DESKRIPSI GAMBAR DESKRIPSI GAMBAR

Breaking News

OM TOLELET OM DI RUSAK BAND

OM TOLELET OM DI RUSAK BAND

Om Telolet Om Dirusak Band

Jakarta, Media Investigasi- Kreativitas tiada henti buat para seniman, khususnya musisi. Ketika fenomena Om Telolet Om  meledak, musisi dan produser rekaman suara rame-rame mencari keberuntungan di fenomena klakson bus itu. 

Beberapa tembang yang mengusung bunyi klakson rame bermunculan salah satunya Goyang Telolet karya Zul Bahar yang di populerkan oleh pedangdut Carmelita Babyta.        
        
Goyang Telolet kemudian ramai dibawakan penganyi dangdut lokal Jawa Timur di dipanggung-panggung Koplo Jawa Timuran.
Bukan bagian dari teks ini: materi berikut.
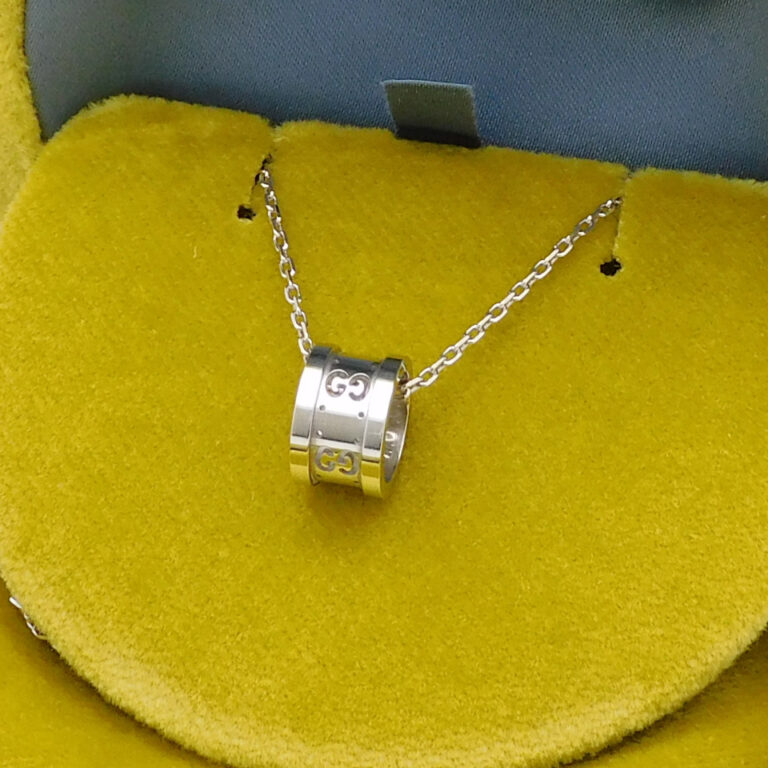 グッチアイコントワールネックレス 750WG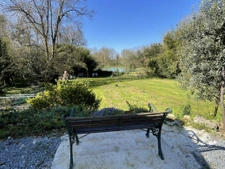 Vue lac, parc arboré, rivière et terrain de 3000 m2   3 cham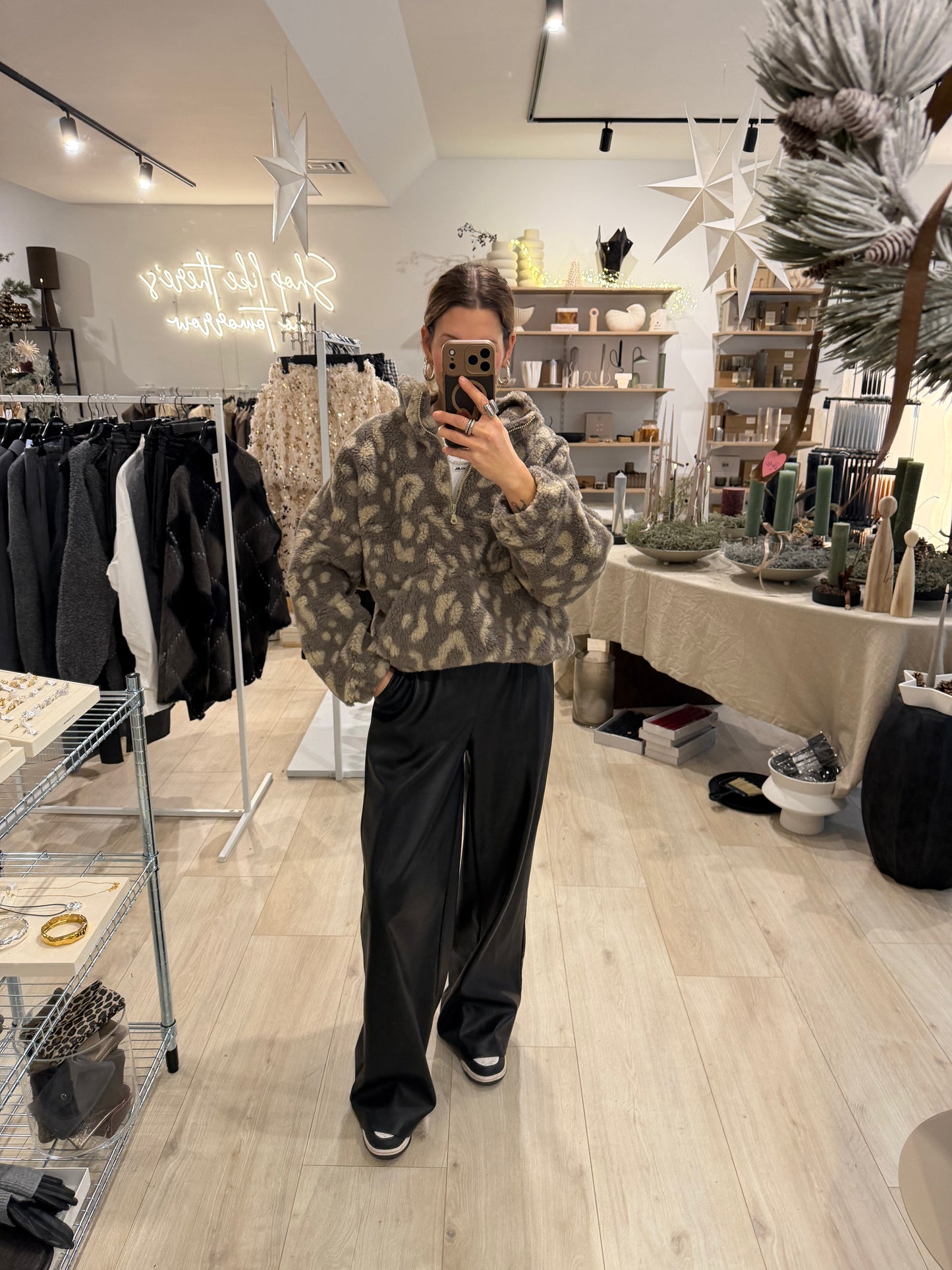 Teddy Sweatshirt taupe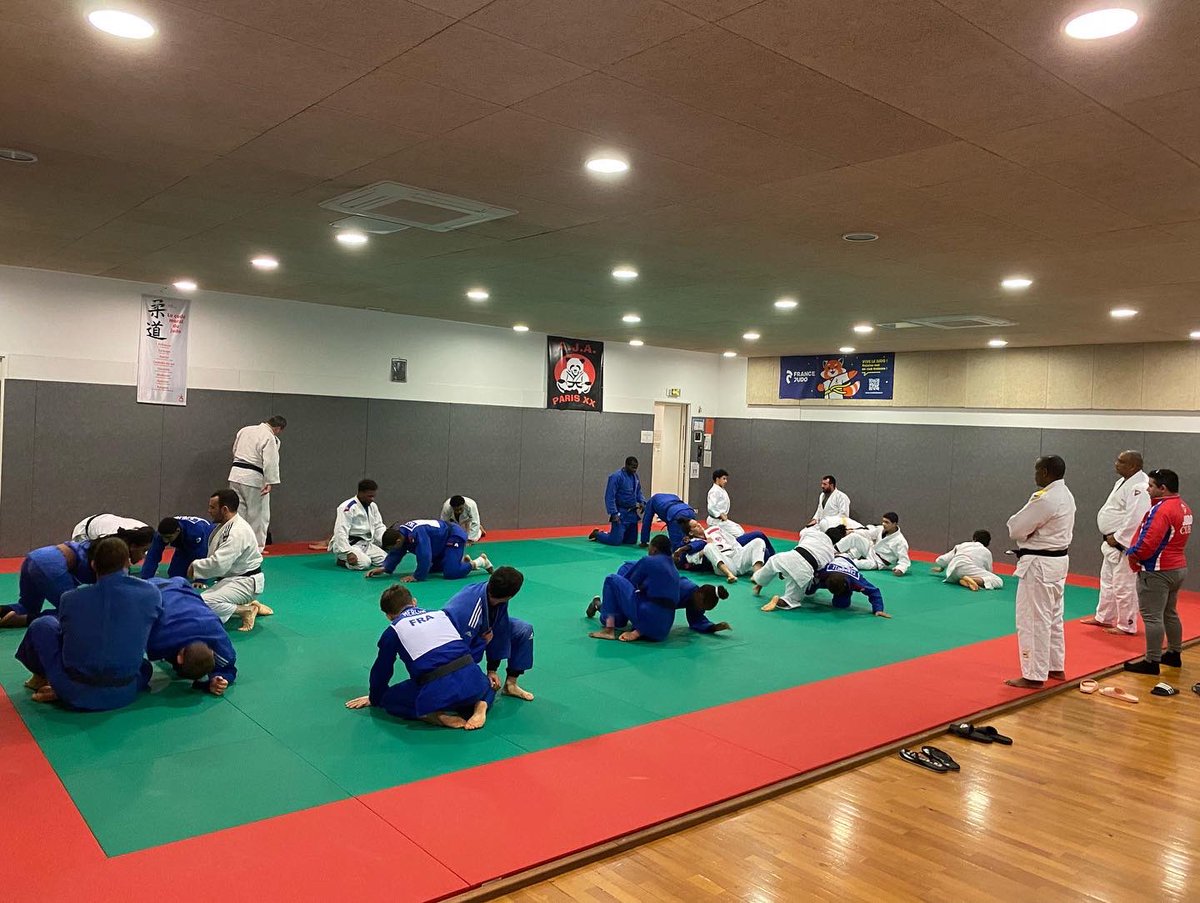 Honoré d’avoir reçu l’équipe nationale Cubaine au club ! Un vrai moment de partage. Le judo plus qu’un sport. #cuba🇨🇺 #judo #morethansport #ajaparisxx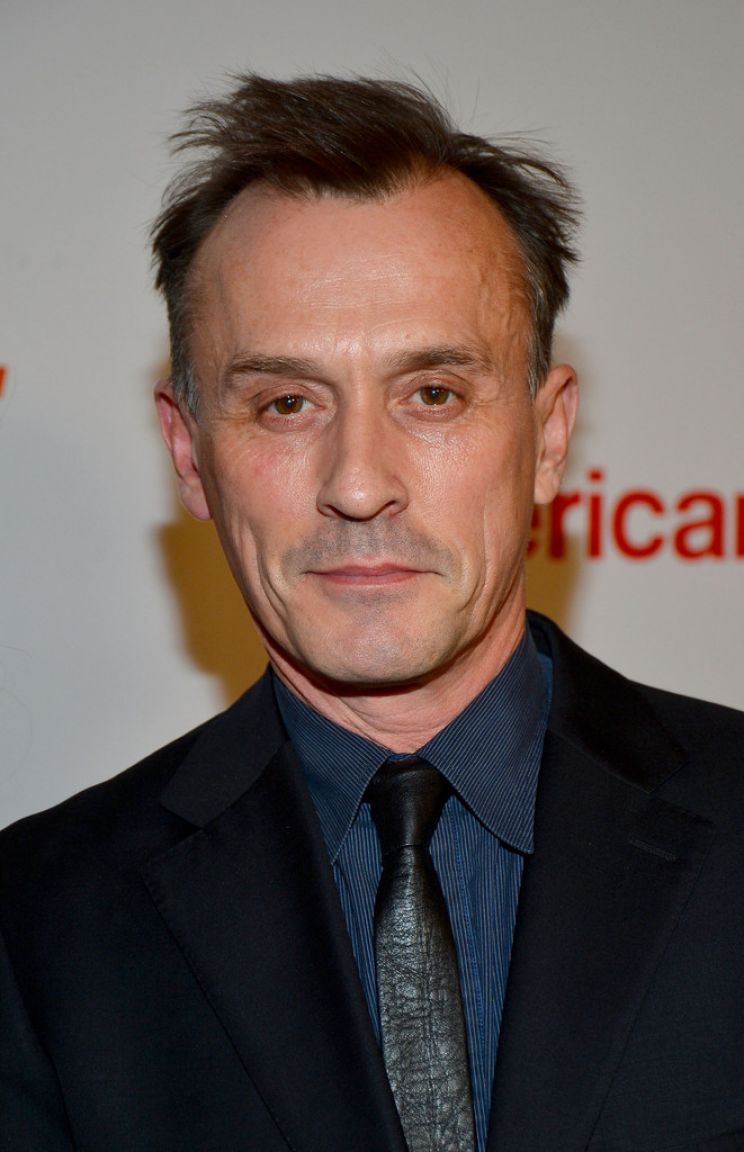 Robert Knepper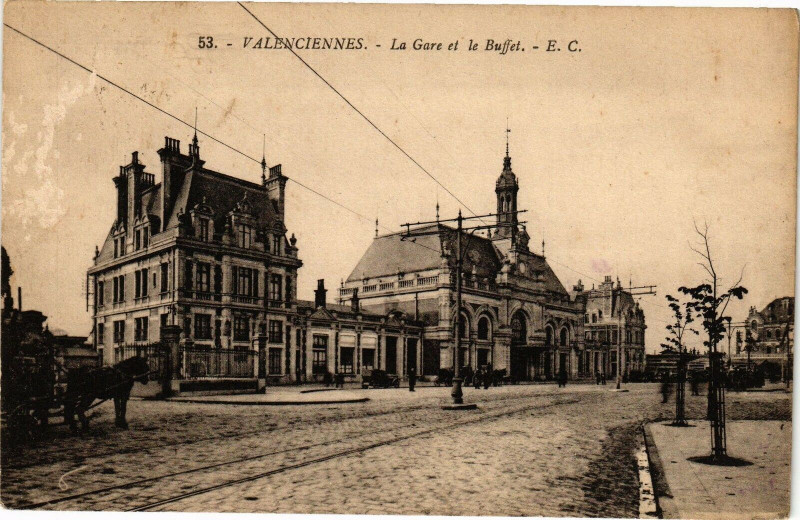 Carte postale ancienne Valenciennes - La gare et le buffet à Valenciennes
Selain Babyta, salah satu band yang mempelopori lagu tersebut adalah Rusak Band yang merupakan grup band dangdut asal Probolinggo Jawa Timur. 
        
Sebenarnya ada yang unik dari nama Rusak Band, yang punya arti Rumah Sakit. Kini keberadaan mereka menjadi viral lantaran membawakan lagu Goyang Telolet versi Koplo dan personilnya merupakan karyawan RSUD dr Mohammad Saleh Probolinggo Jawa. 
         
Band tersebut dapat kejutan dengan kehadiran host kondang Feni Rose dan Tim Rumpi TransTV ke markasnya hanya untuk menyaksikan langsung aksi Rusak Band. 
       
Bukan itu saja, Feni Rose juga menemui Direktur RSUD dr.Mohammad Saleh Probolinggo, Dr. Bambang Agus Suwignyo, minggu lalu "Seperti sudah diungkapkan jika Rusak Band artinya Rumah Sakit Band, karena saya yang bentuk di RSUD ini yang para personilnya merupakan karyawan rumah sakit ini,” ungkapnya. 
         
Bambang menambahkan, band bentukannya itu sering pentas diacara besar di Probolinggo. 
        
“Bahkan sampai luar kota, dan rencana dalam waktu dekat akan tur ke 15 kota di Jawa Timur bersama Ada Band,” terangnya. 
       
"Aku bangga bisa diliput oleh Rumpi TransTV, artinya keberadaan kami Rusak Band sudah diakui secara nasional bisa membawa nama baik RSUD dr Mohammad Saleh," kata Manis vokalis Rusak Band yang merupakan staf kepegawaian di RSUD dr. Mohammad Saleh.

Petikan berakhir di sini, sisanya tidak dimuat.